NOTE: As we welcome Lucas Isaiah to our family and adjust to life as a family of eight, I’ll share some of my favorite posts from the thousands of posts in our archives. I hope you enjoy these as much as I read back through them again!
Can you teach your children to obey your authority while still valuing their opinions as individuals?
I sure hope so.
I’ve been thinking about the extremes of parenting lately:
On one hand, you have parents who value obedience over everything else. Children must obey without question or argument, every time, without hesitation. No exceptions.
On the other, you have parents who offer their children a bazillion choices for the minutiae of their day, live to make their kids happy and give in to whining, cajoling or temper tantrums more often than not.
I want to live somewhere in the middle!
You see, I want my kids to question authority. I want them to stand up and say so when they don’t think something is right. I want them to defend themselves and their sisters.
Growing up, my mom was always willing to explain her decisions to me. She had to change her policy slightly with my strong-willed baby sister (and we’ve run into those same issues with our argumentative, precocious 6-year-old). Still, for the most part she reserved the “because I said so” line for rare occasions rather than pulling it out every day.
I want my kids to accept when I say no to a toy purchase, but I also want them to be willing to say, “Can I save up and buy it myself?” I don’t want them to throw a fit when something we’ve planned for the day gets canceled, but I don’t want them to pretend they’re not disappointed either.
In our home, we teach our kids to obey first, and then ask questions. Sometimes immediate obedience is a matter of safety, and in order to trust our children to walk through parking lots, to play outside by themselves and to become independent, we need to know that when we say “Stop!”, they stop. There are also times when an argument has been made and the answer is still no, and they need to accept that and obey, and they need to do it respectfully and with a “happy heart”.
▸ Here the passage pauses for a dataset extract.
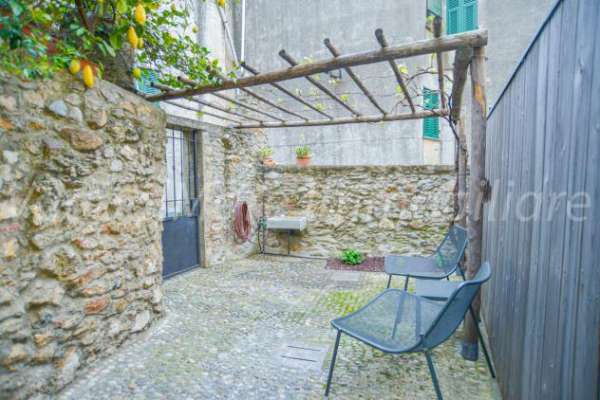Foto Bilocale in affitto a Borgio Verezzi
As they get older, I want to raise kids who question their faith and aren’t afraid to ask the tough questions…and search out the answers. I want them to be willing to disagree with me and say so. I want them to point out hypocrisy in my life and call me on it when I speak unkindly about someone else.
My current mantra is “fair does not mean equal”, and I repeat it a million times a day as first one child and then another declares something unfair. At the end of the day, though, I want my kids to be willing to say, “Mom, I know fair doesn’t mean equal, but next time could I take art classes too?”
I want to raise strong women. Women who respect the office of the president while disagreeing with his or her policies. Women who honor and respect their husbands, but who push them to be better men. Women who buck the norms and do what they believe is right, not what others tell them they should do.
I want my children to know they’re heard—even while teaching them to obey—so they’re not afraid to use their voice later on.
How do you balance these ideas of obedience and allowing your children to have their own opinions and ideas?